Leave out the pictures, and quote exactly the lines running from the one with "Louis Vuitton LV Wallets #1356742" through the last line of the entries below.
[Opening Given information section]
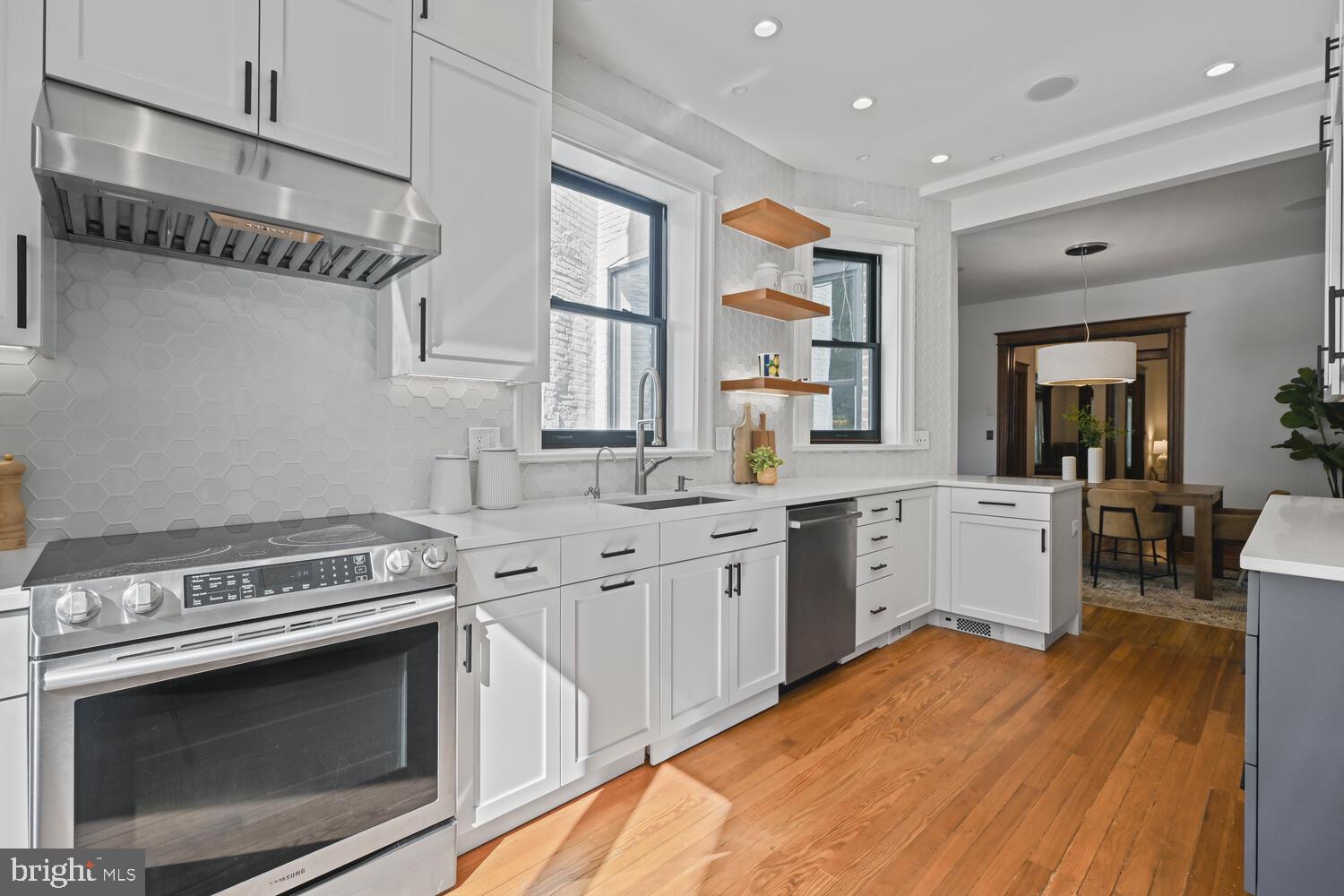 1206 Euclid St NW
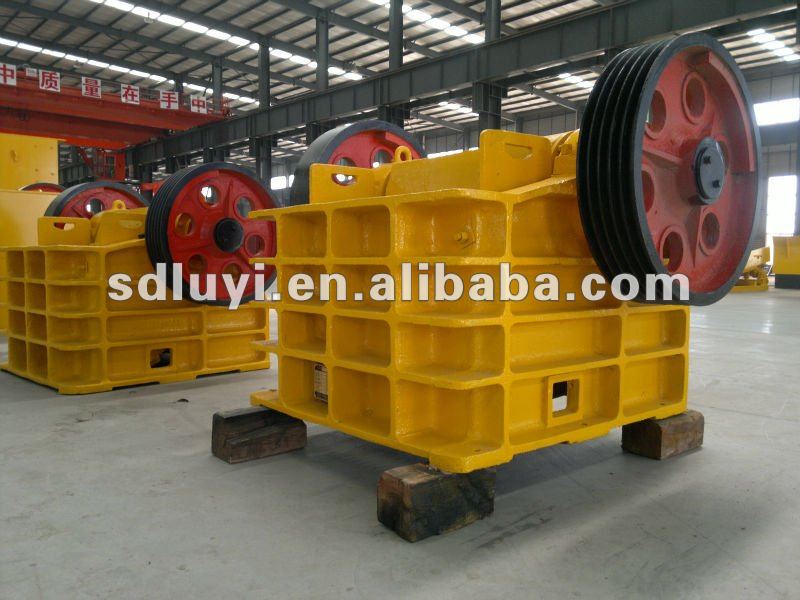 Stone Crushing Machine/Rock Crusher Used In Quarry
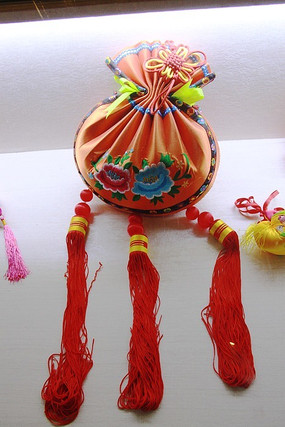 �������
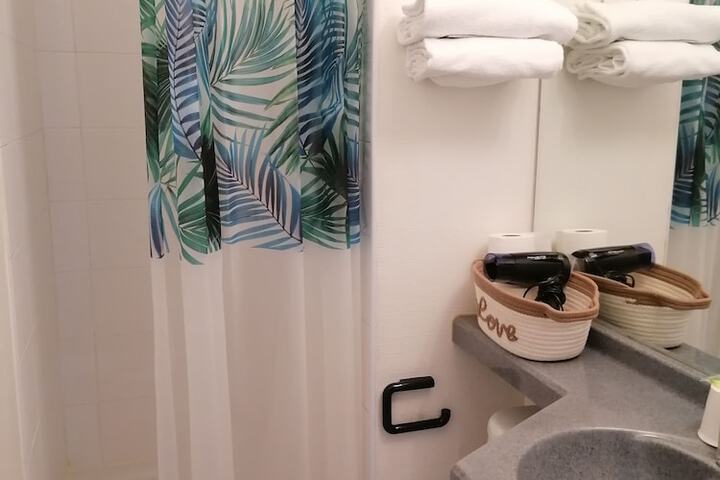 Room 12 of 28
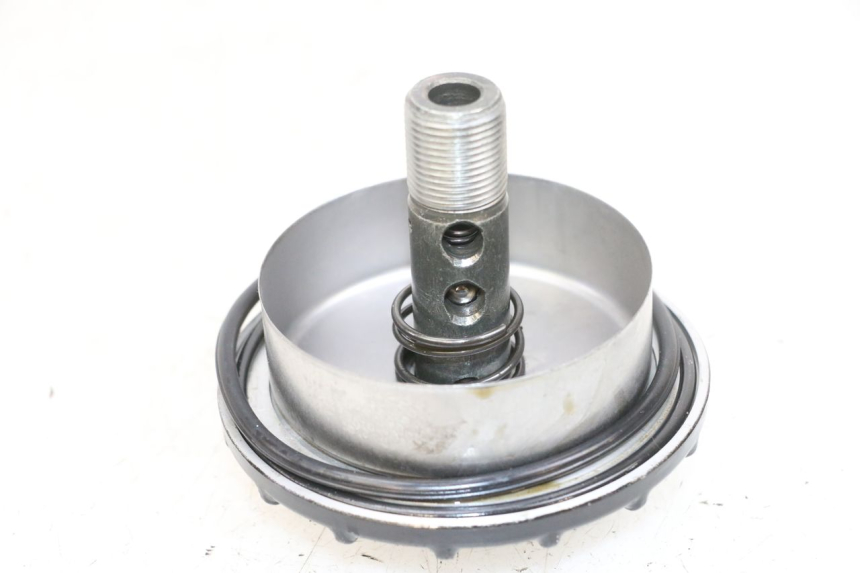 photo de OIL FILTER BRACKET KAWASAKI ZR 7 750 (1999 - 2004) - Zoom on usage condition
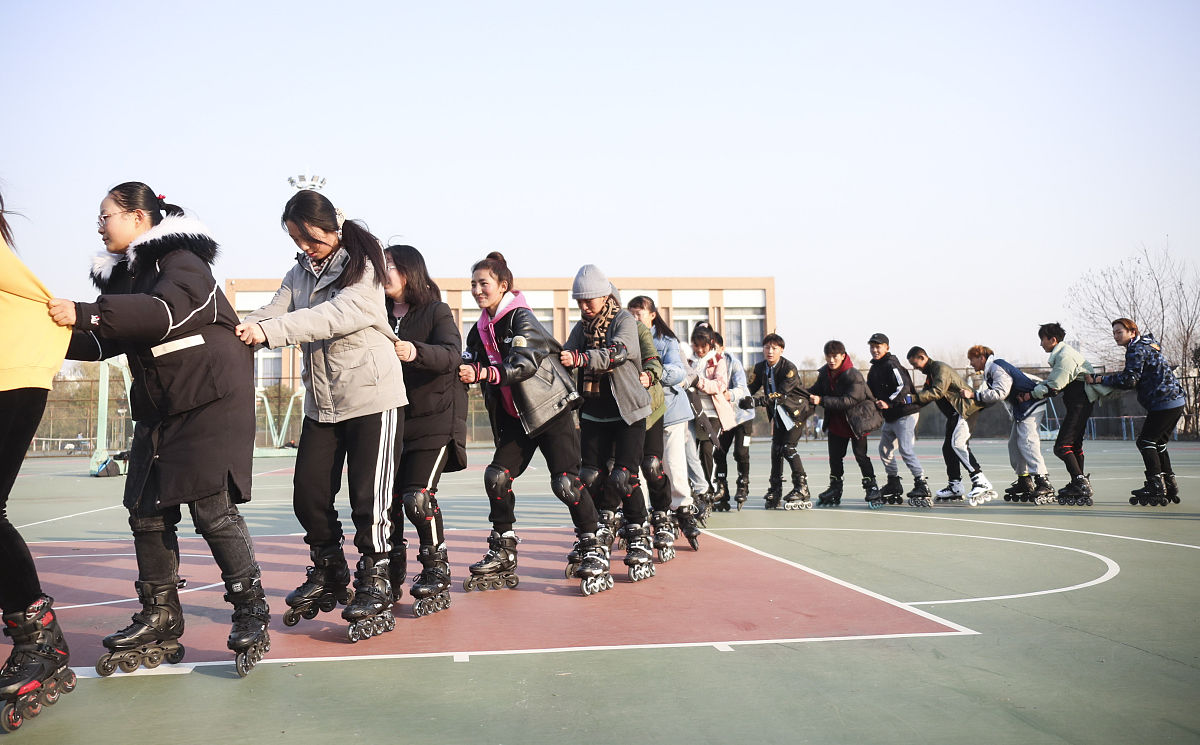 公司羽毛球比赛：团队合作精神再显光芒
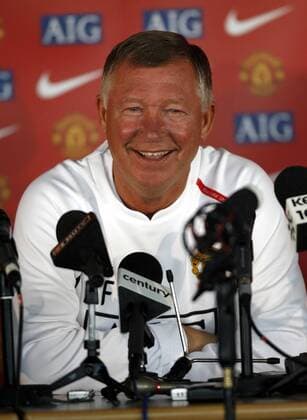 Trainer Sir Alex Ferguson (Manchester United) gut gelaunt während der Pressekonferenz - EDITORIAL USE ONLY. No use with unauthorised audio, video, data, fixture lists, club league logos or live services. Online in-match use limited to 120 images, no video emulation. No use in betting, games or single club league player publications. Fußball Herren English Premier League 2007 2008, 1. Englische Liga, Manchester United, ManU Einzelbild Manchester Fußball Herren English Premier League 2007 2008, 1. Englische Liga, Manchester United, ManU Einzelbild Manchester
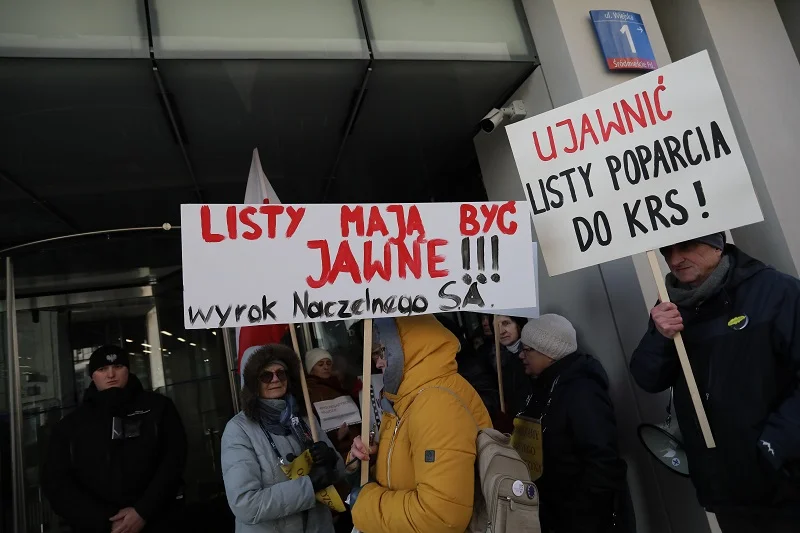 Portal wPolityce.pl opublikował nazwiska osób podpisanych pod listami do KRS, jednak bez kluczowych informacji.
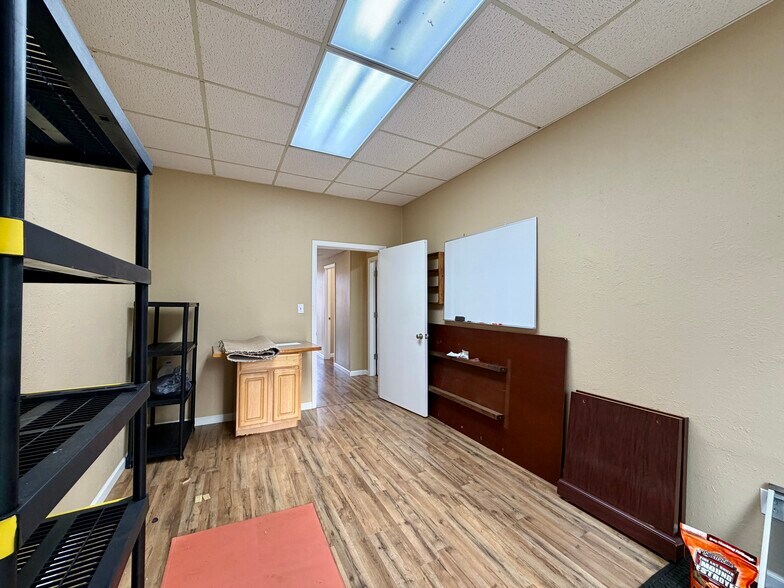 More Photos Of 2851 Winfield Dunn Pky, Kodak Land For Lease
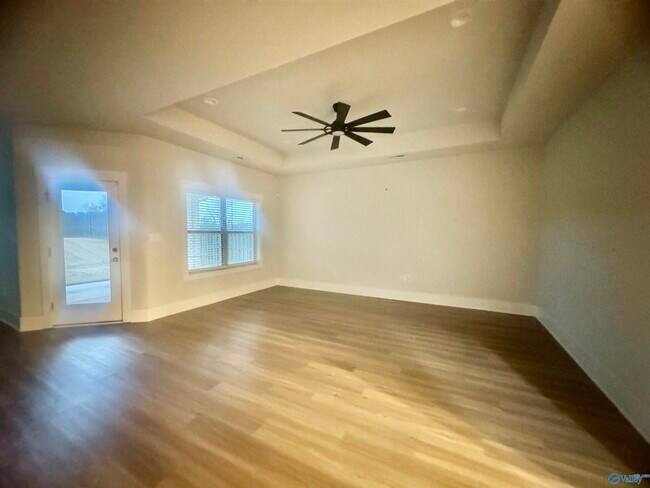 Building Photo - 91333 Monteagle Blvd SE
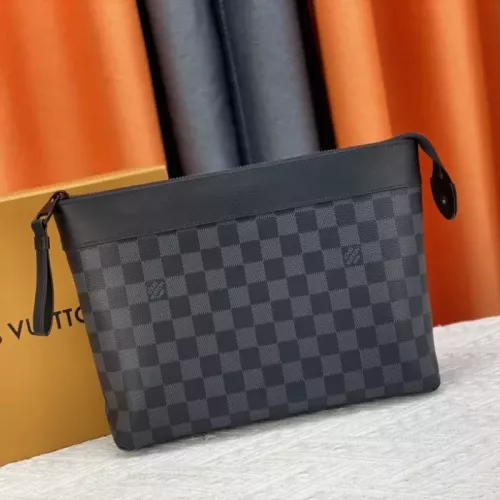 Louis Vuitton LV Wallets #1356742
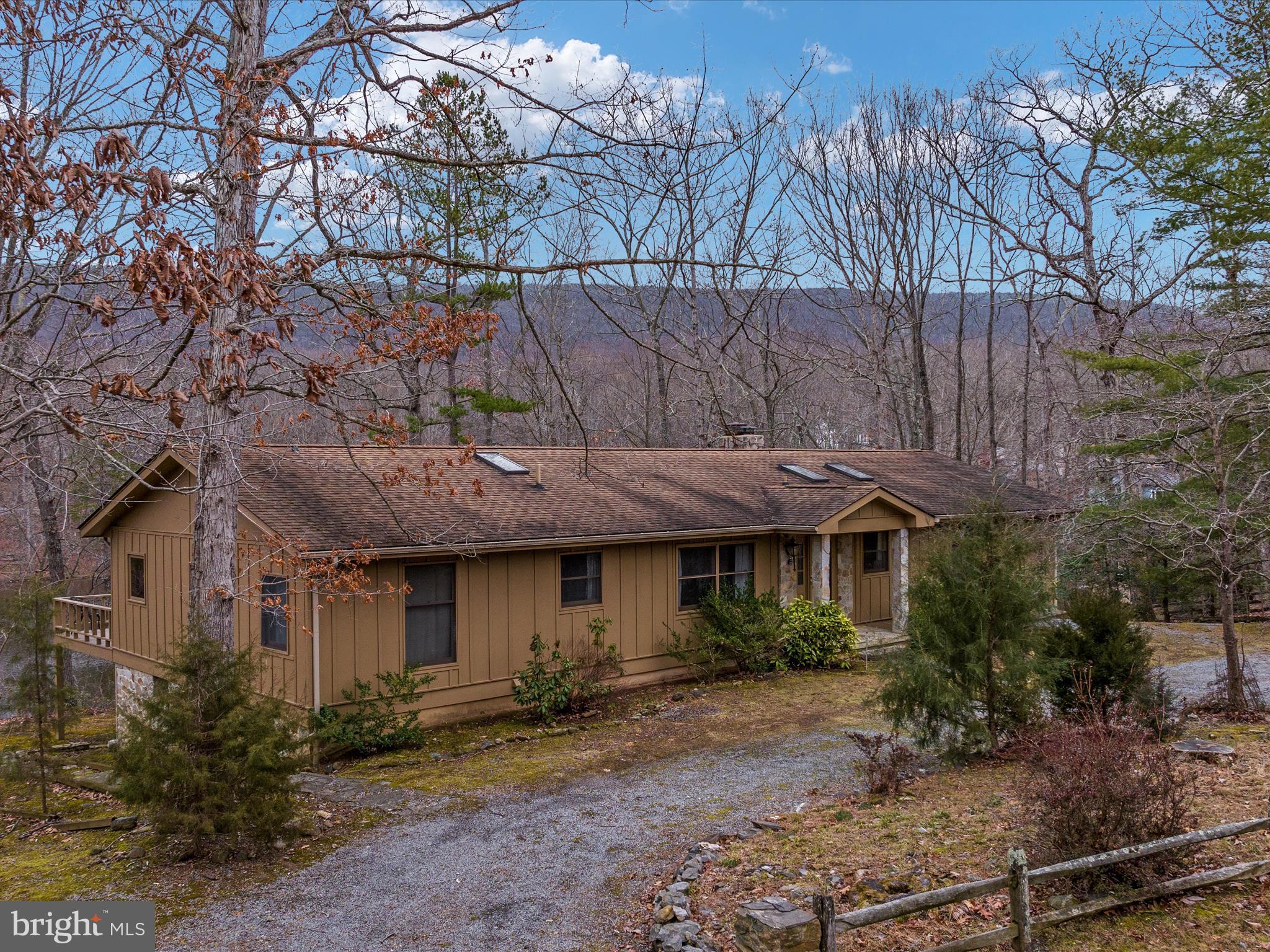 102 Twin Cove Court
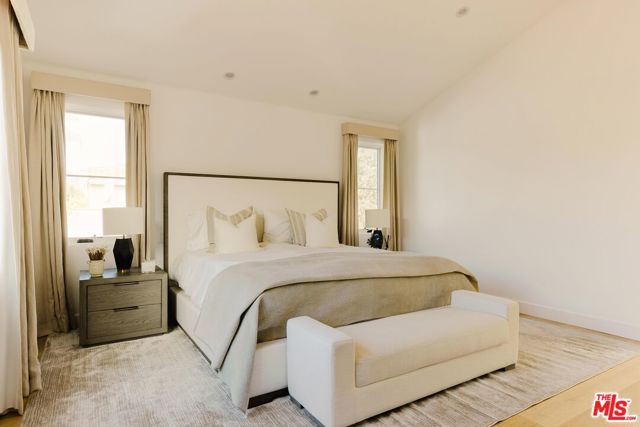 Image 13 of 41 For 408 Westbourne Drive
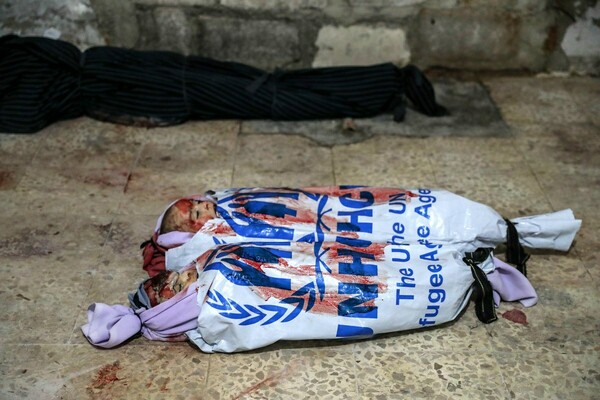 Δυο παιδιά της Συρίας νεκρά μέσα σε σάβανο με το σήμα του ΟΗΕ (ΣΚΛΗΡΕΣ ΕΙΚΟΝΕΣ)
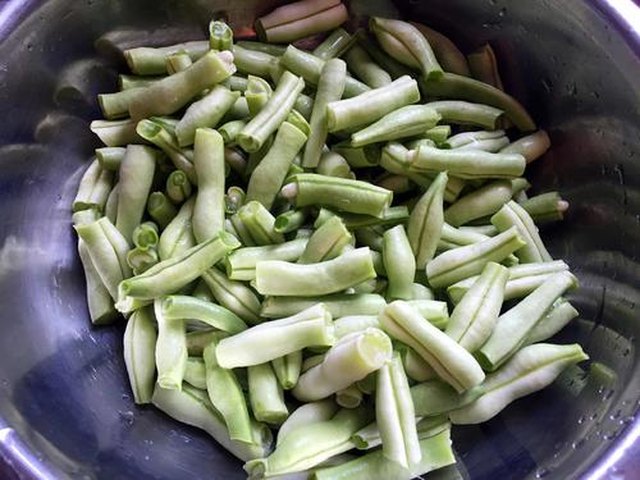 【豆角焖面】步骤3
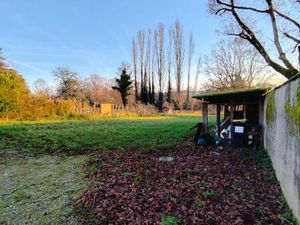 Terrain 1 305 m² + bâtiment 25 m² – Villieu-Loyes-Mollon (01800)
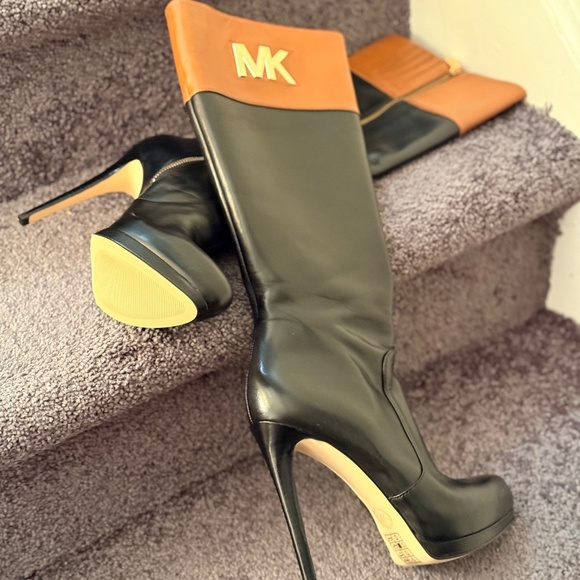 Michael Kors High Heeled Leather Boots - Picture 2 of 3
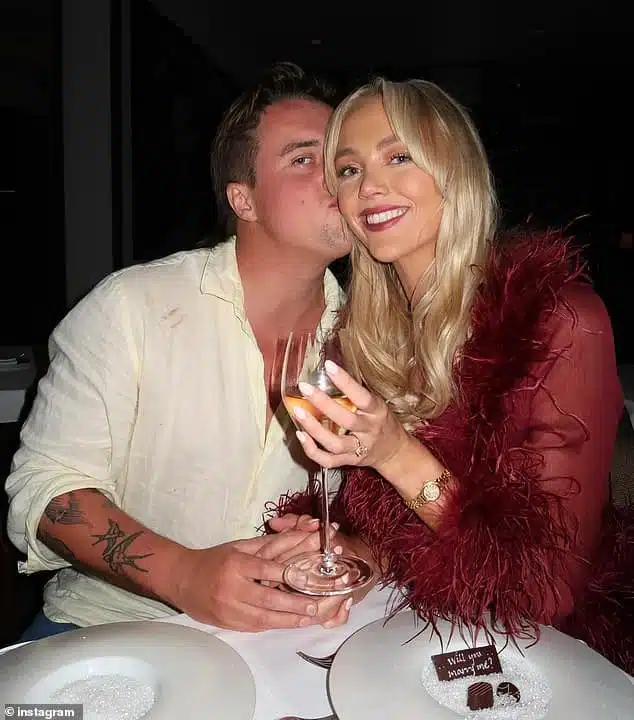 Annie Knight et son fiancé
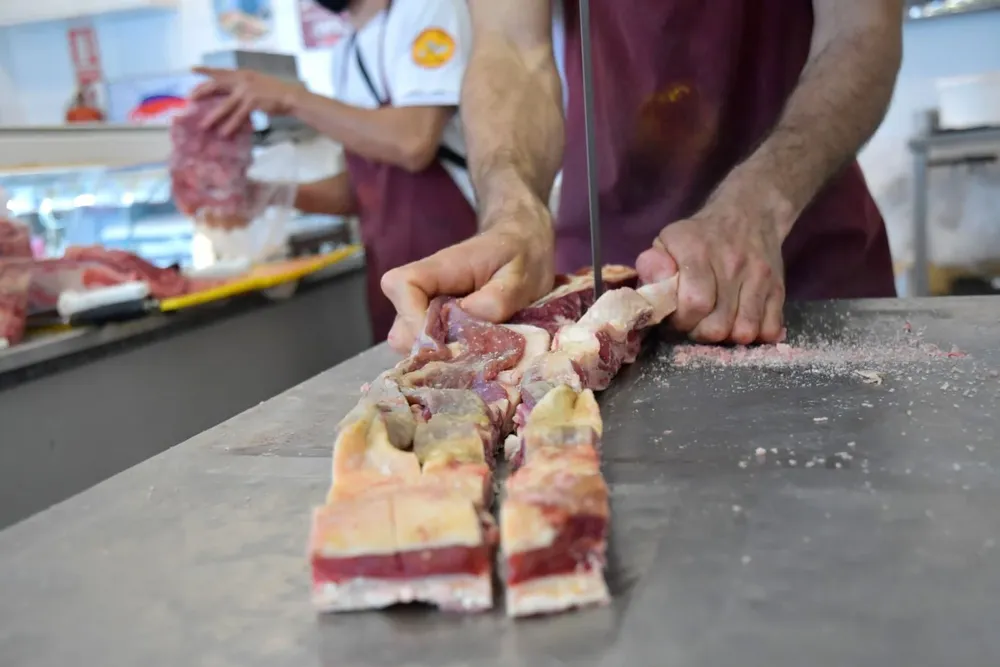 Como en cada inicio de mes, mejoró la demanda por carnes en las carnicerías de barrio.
[Closing Given information section]
> Answer to this problem
 Louis Vuitton LV Wallets #1356742
 102 Twin Cove Court
 Image 13 of 41 For 408 Westbourne Drive
 Δυο παιδιά της Συρίας νεκρά μέσα σε σάβανο με το σήμα του ΟΗΕ (ΣΚΛΗΡΕΣ ΕΙΚΟΝΕΣ)
 【豆角焖面】步骤3
 Terrain 1 305 m² + bâtiment 25 m² – Villieu-Loyes-Mollon (01800)
 Michael Kors High Heeled Leather Boots - Picture 2 of 3
 Annie Knight et son fiancé
 Como en cada inicio de mes, mejoró la demanda por carnes en las carnicerías de barrio.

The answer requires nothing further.